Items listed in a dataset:
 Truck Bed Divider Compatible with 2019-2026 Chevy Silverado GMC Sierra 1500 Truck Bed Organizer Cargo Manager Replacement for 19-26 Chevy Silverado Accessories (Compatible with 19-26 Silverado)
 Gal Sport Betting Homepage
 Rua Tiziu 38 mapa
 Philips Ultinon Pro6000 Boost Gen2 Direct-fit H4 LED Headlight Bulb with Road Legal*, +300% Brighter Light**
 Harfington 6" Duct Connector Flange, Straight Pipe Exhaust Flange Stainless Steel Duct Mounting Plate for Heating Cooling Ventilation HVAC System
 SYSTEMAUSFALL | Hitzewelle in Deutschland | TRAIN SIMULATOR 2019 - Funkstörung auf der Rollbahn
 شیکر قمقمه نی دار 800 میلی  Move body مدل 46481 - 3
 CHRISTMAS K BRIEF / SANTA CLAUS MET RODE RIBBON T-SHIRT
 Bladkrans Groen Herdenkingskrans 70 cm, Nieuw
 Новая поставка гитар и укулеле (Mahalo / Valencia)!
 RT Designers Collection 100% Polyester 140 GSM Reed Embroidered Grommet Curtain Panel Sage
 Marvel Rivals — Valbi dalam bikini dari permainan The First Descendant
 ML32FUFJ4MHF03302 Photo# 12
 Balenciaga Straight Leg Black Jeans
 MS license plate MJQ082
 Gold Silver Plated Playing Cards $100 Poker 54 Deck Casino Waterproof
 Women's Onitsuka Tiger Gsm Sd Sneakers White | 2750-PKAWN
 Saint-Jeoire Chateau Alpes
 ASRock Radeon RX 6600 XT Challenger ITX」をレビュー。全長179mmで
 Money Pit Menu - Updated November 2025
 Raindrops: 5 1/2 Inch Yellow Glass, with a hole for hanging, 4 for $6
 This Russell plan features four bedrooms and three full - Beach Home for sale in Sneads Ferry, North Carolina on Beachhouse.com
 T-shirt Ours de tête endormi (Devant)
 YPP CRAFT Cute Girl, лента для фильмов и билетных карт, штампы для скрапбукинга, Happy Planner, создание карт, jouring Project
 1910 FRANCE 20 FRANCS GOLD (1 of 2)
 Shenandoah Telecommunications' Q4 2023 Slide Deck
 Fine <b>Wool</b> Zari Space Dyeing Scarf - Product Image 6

→ TRY IT
Which lines above run from the one containing "ML32FUFJ4MHF03302 Photo# 12" to the one containing "ASRock Radeon RX"? Give them again exactly, both ends included.

→ WRITTEN ANSWER
 ML32FUFJ4MHF03302 Photo# 12
 Balenciaga Straight Leg Black Jeans
 MS license plate MJQ082
 Gold Silver Plated Playing Cards $100 Poker 54 Deck Casino Waterproof
 Women's Onitsuka Tiger Gsm Sd Sneakers White | 2750-PKAWN
 Saint-Jeoire Chateau Alpes
 ASRock Radeon RX 6600 XT Challenger ITX」をレビュー。全長179mmで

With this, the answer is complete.